Key findings from the Phase 3 trial, together with data from previous clinical trials assessing the effects of N115 in patients with other ILDs, showed that:
- Measures of lung function, including forced expiratory volume in one second (FEV-1), forced vital capacity (FVC), oxygen levels, and nitric oxide levels (a gas that induces the relaxation and widening of lung airways) all significantly improved in patients with idiopathic pulmonary fibrosis (IPF) treated with N115 in combination with their routine medications (steroids).
- The FEV1/FVC ratio (the proportion of the total amount of air a patient is able to exhale after taking a deep breath in one second) of IPF patients increased from an initial 52% to 86% after treatment with N115.
- In patients with IPF, PF, and chronic obstructive pulmonary disease (COPD), treatment with N115 reduced coughing, nasal irritation/redness, inflammation, and congestion; most patients stopped experiencing irritation within 22 days.
- When IPF patients stopped taking their routine medications and only received N115, they had the same kind of improvements in lung function measures, suggesting that N115 is the main driver of clinical improvements, and that the use of steroids may potentially be reduced.
“The most important conclusion we see from this Phase 3 clinical trial is that our non-steroidal nasal spray for pulmonary fibrosis with no known side effects has greatly improved patient quality of life by allowing these patients to breathe through the nose, sleep better, reduce inflammation and congestion, increase nitric oxide for improved bronchial dilation and help prevent infections, improve vital breathing ratios, reduce coughing, increase oxygen levels from below normal to normal,” Alain Martin, PhD, CEO of EmphyCorp, said in a press release.

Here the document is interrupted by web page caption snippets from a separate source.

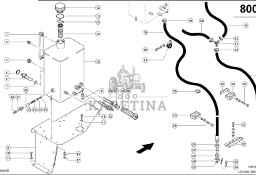 Claas Lexion 560 ZBIORNIK HYDRAULIKI 0007719641 (Zbiornik hydrauliki)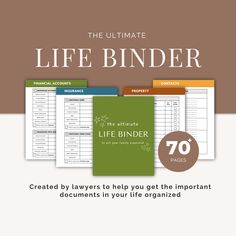 the ultimate life binder with 70 pages to help you get the important documents in your life organized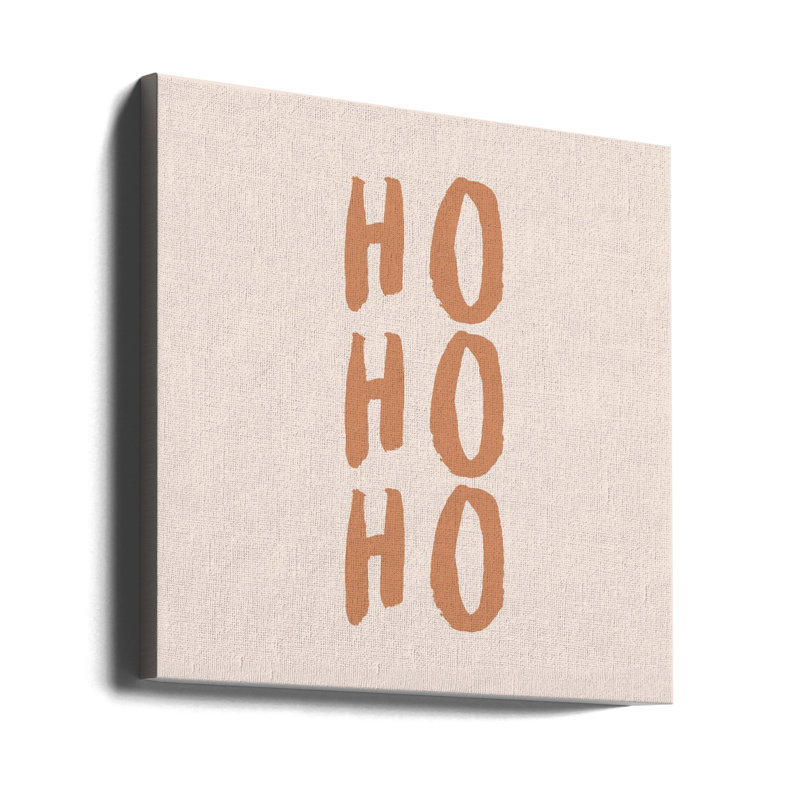 "Ho Ho Ho", art mural sur toile tendue, H 30 po x l 30 po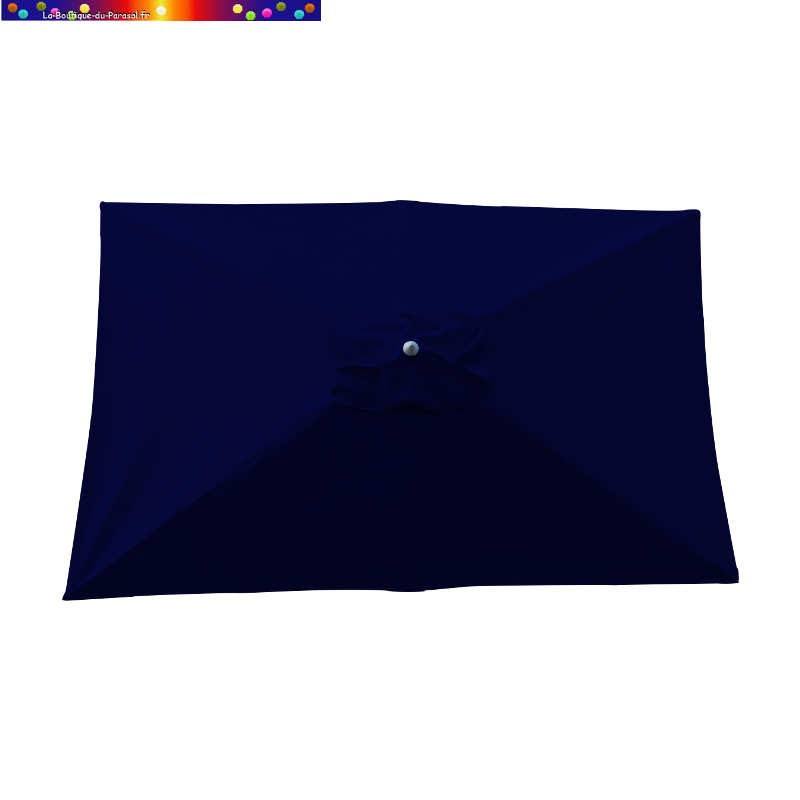 Parasol Lacanau Bleu Marine 200 x 300 cm Alu vu de dessus Parasol Lacanau Bleu Marine 200 x 300 cm Alu vu de dessus
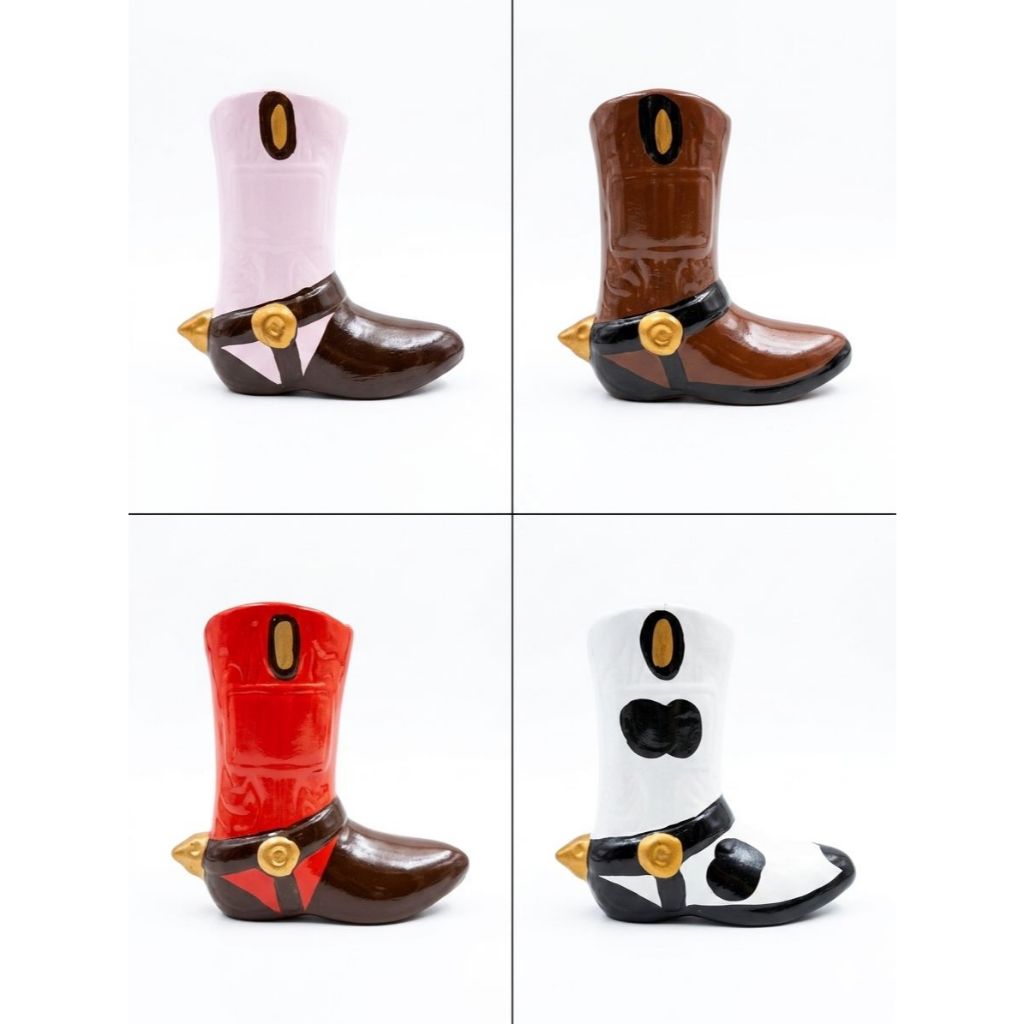 Bota Decorativa Cowboy em Cerâmica – Decoração Country / Faroeste / Sertaneja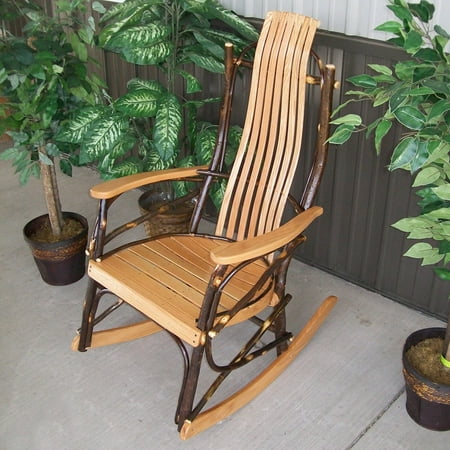 A & L Furniture Hickory 7 Slat Rocker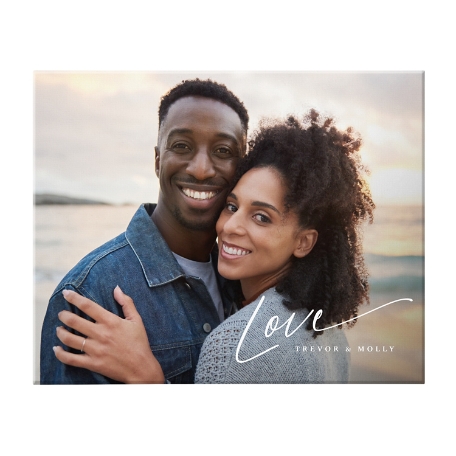 Love Photo Canvas - 16x20 Unframed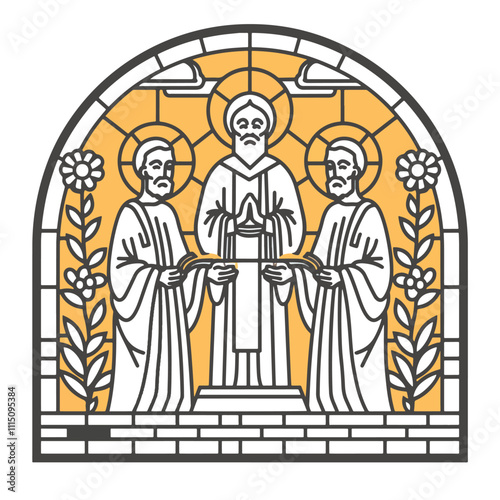  2D catechize web icon in line style photo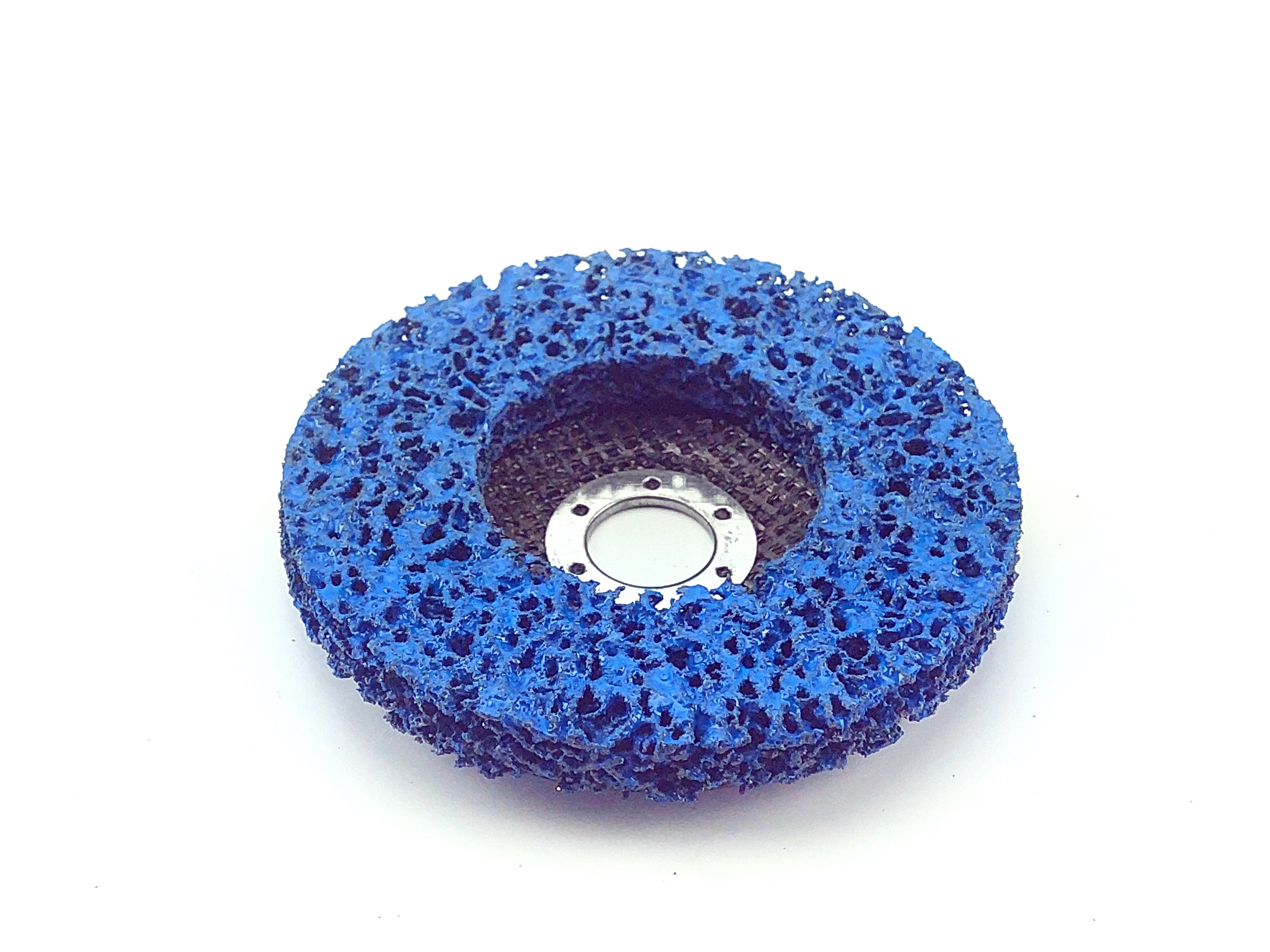 Porézní čistící a leštící kotouč do úhlové brusky (modrý) - 125x22,23 mm GEKO nářadí G00385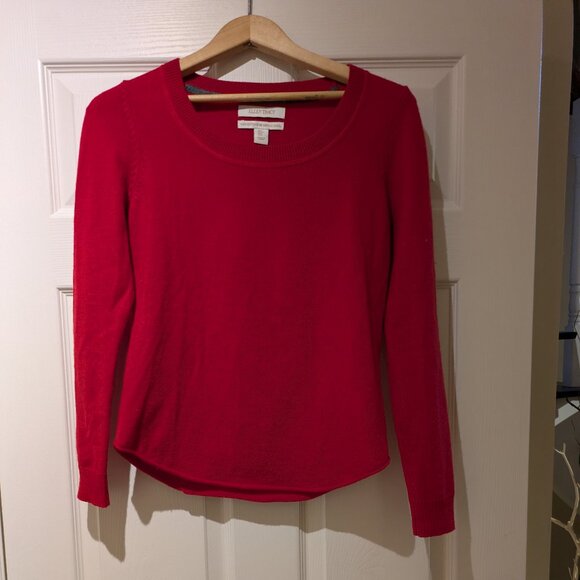 Ellen Tracy Merino Wool Long Sleeve Crew Neck Sweater - Picture 1 of 6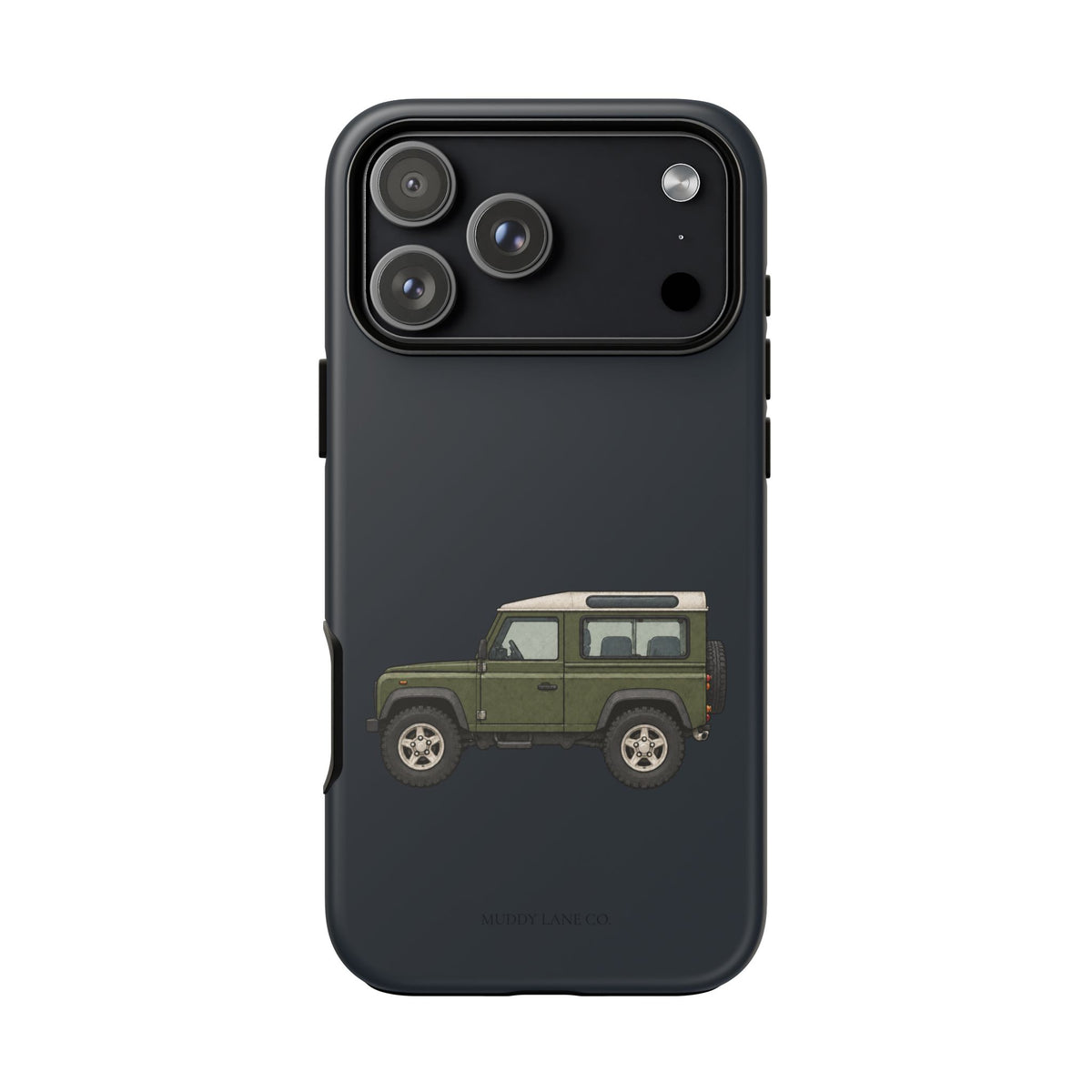 Green Classic 4x4 Tough Phone Case in Charcoal Navy Matte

“We are not surprised at the results, since our patented non-steroidal nasal spray has been used by over 2 million patients in Chinese hospitals over the past 3 years that includes ‘unmet needs’ patients (children, pregnant women, diabetics, hypertensive), and others with chronic breathing conditions,” Martin added.
N115 is part of the company’s global patented Rx technology, which also includes nasal non-steroidal sprays for COPD, Alzheimer’s disease, cancer pre-treatment, and an oral non-steroidal spray for quitting smoking.
EmphyCorp holds the global rights to its patented Rx technology, and is currently pushing its proprietary non-steroidal Rx technology with no known side effects into the market of chronic lung diseases.
“Our goal is to get our portfolio of non-steroidal nasal sprays into the market as quickly as possible to help provide immediate improvement in quality of life for millions of patients suffering from chronic breathing diseases,” said Robert Millar, president and director of EmphyCorp.
The company is planning to enter into sub-license agreements and/or joint ventures with drug manufacturers and other pharmaceutical companies operating in the market of respiratory diseases in the U.S. and other countries to expand its market reach.